The Brutal Logic of Geopolitical Necessity
Let us look at the raw geography. Turkey sits at the crossroads of the world’s most volatile migration corridors and energy routes.
- Border Management: Turkey hosts the largest refugee population in the world.
- Regional Security: Ankara controls access to the Black Sea via the Montreux Convention, a critical factor in continental defense.
- Energy Security: Southern gas corridors run directly through Anatolian soil, bypassing hostile northern routes.
To suggest that Europe should jeopardize cooperation on these existential fronts because of domestic political repression in Turkey is absurd.

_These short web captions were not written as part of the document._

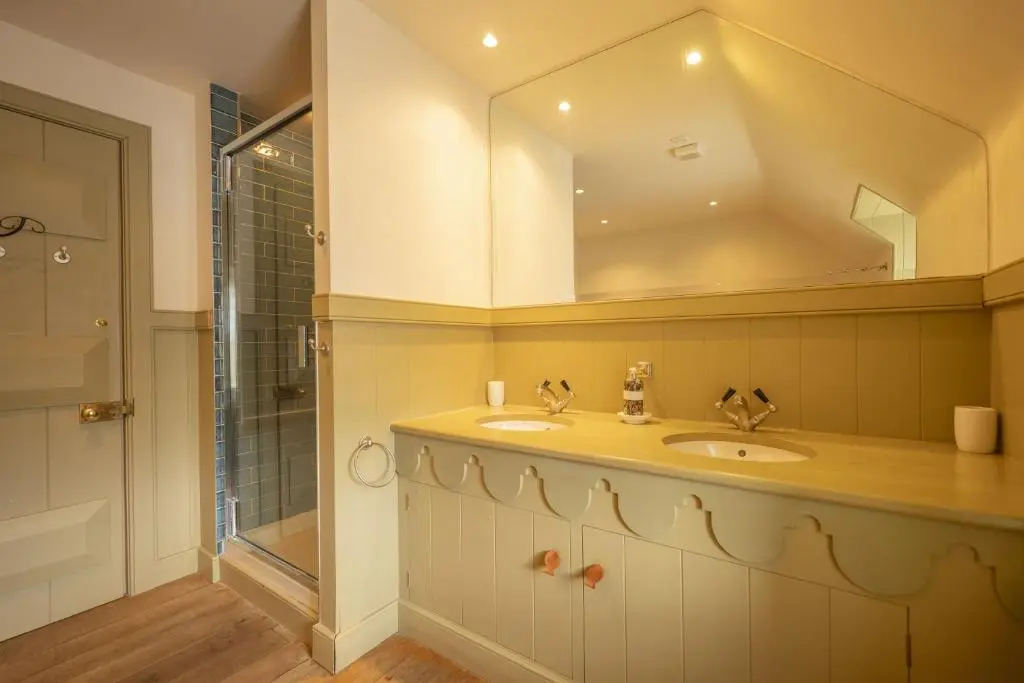 a bathroom with a sink and a mirror at Drum Cottage in Nethy Bridge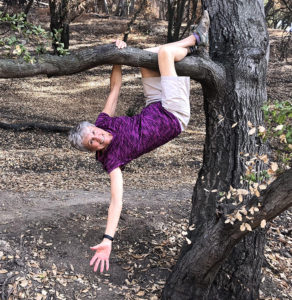 Joan at 80 hanging with one arm from a tree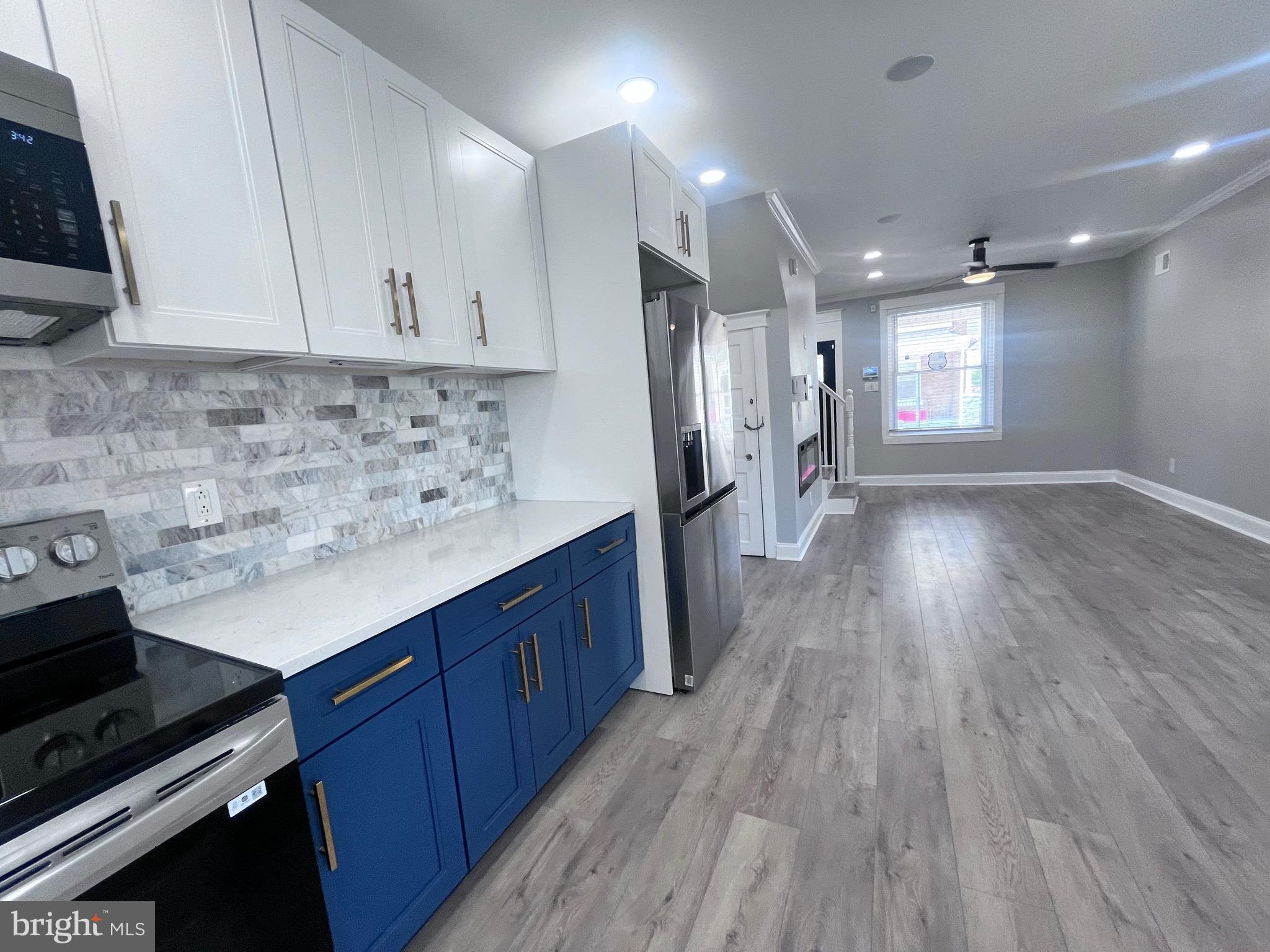 a kitchen with a sink stainless steel appliances and cabinets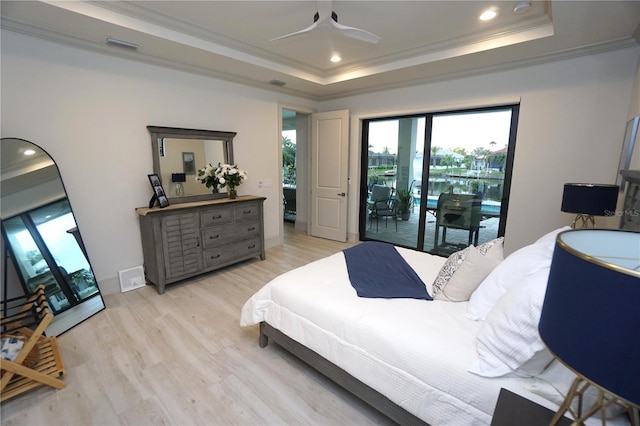 bedroom with a raised ceiling, ornamental molding, access to outside, light wood-style floors, and recessed lighting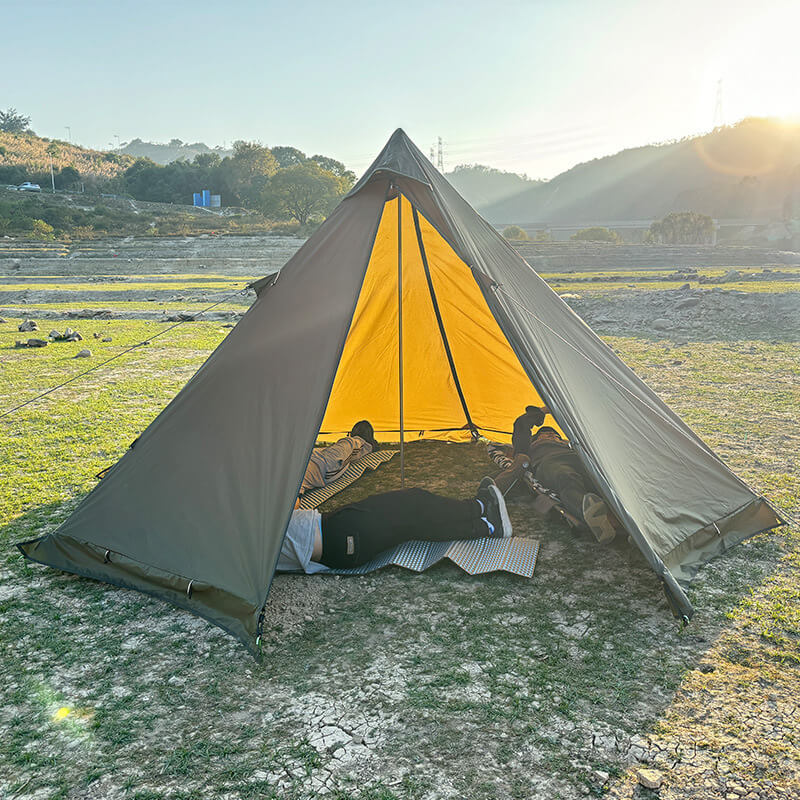 Interior view of the spacious pyramid tent showing camping mats and room for multiple campers.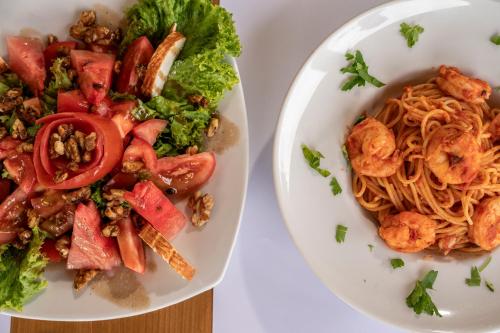 a plate of pasta and a bowl of salad at Aegean Houses in Kos Town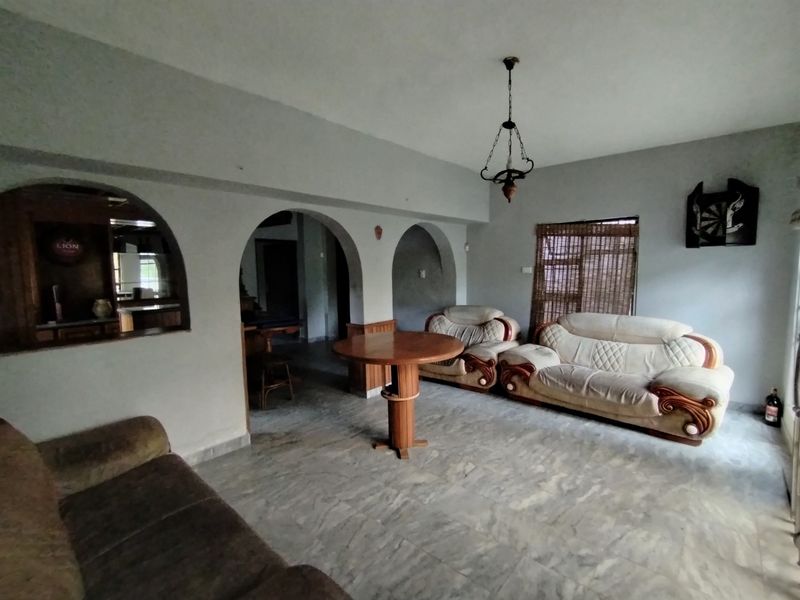 Spacious living area featuring distinctive arched wall openings, marble-look flooring, and a built-in bar counter, offering a versatile layout for relaxation and entertaining.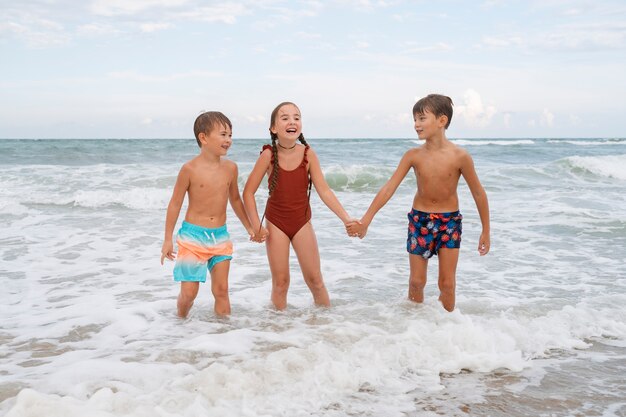 Pełne ujęcie małych dzieci bawiących się na plaży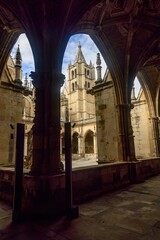 Bell tower view framed by gothic arches in Catedral de Leon cloister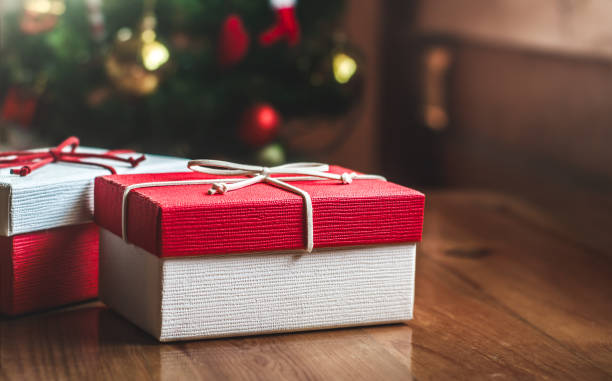 istock Red gift box on wooden table at Christmas tree and lights background.Christmas concept 1493440313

Realists understand that you negotiate with the government that exists, not the government you wish existed.
I have watched international policy analysts spend years arguing that a tougher stance from Brussels would force Ankara to reform. The opposite happens every single time. When squeezed, Ankara simply pivots toward Moscow or Beijing, or threatens to open the border gates. The "tough love" approach does not breed democracy; it breeds alienation and strategic vulnerability.

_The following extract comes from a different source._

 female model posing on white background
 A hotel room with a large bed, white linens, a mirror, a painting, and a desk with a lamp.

The Opposition's Accountability Avoidance
The most toxic element of the "Europe betrayed us" narrative is that it absolves the Turkish opposition of its own strategic failures.

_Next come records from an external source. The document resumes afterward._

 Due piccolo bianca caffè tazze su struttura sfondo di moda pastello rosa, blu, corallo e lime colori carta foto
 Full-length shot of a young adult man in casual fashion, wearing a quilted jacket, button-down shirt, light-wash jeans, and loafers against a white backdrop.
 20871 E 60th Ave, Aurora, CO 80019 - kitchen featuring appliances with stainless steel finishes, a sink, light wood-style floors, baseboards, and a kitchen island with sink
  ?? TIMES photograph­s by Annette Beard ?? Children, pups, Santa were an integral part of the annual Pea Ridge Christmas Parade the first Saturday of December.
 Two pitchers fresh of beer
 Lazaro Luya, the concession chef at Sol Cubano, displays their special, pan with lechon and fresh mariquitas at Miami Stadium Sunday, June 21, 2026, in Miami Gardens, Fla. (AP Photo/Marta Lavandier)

It is much easier to blame European realpolitik for your electoral losses than it is to admit that your political messaging failed to resonate with the Anatolian working class. The opposition spent years running uninspiring campaigns, failing to articulate a coherent economic alternative, and fracturing along ethnic and ideological lines.
"Foreign policy cannot substitute for domestic mobilization. If you cannot convince your own citizens to vote for institutional reform, you cannot expect foreign governments to build those institutions for you."
Blaming Brussels is a coping mechanism. It allows political actors to maintain their status as virtuous martyrs while avoiding the dirty, difficult work of building a broad-based, resilient political coalition that can actually win an election under adverse conditions.
What Real Engagement Looks Like
If the premise of the opposition’s complaint is flawed, what is the alternative? Stop asking Europe to issue empty critiques. Instead, look at where actual leverage exists.
Economic Interdependence is the Only Real Lever
The European Union remains Turkey’s largest trading partner by a massive margin. The Customs Union is not a favor; it is a mutually beneficial economic engine. Rather than demanding political sanctions that will never materialize, critics should focus on modernization of trade frameworks that bind Turkish businesses to European standards of transparency and dispute resolution.
Security is a Two-Way Street
Ankara needs European intelligence sharing and financial cooperation just as much as Europe needs Turkish border control. Security is not a concession granted by Europe; it is a transactional reality. Real progress is made in the quiet, unglamorous integration of financial crime units and anti-trafficking task forces, not in public theatrical disputes.
Stop Demanding Ideological Purity
The world is messy, transactional, and indifferent to hurt feelings. The European Union will continue to deal with whoever holds power in Ankara because it has no choice.
Stop asking the question, "Why is Europe ignoring Turkish democracy?"
Start asking the question, "Why has the Turkish opposition failed to make itself a more viable, stable, and reliable strategic partner for the West than the incumbent regime?"
Until the opposition stops looking toward Brussels for its salvation and starts looking into the mirror, it will remain trapped in a cycle of grievance and defeat. Europe is not sacrificing democracy for security. Europe is simply acting like a collection of sovereign states. It is time for the Turkish opposition to start acting like a political movement that actually knows how to acquire power.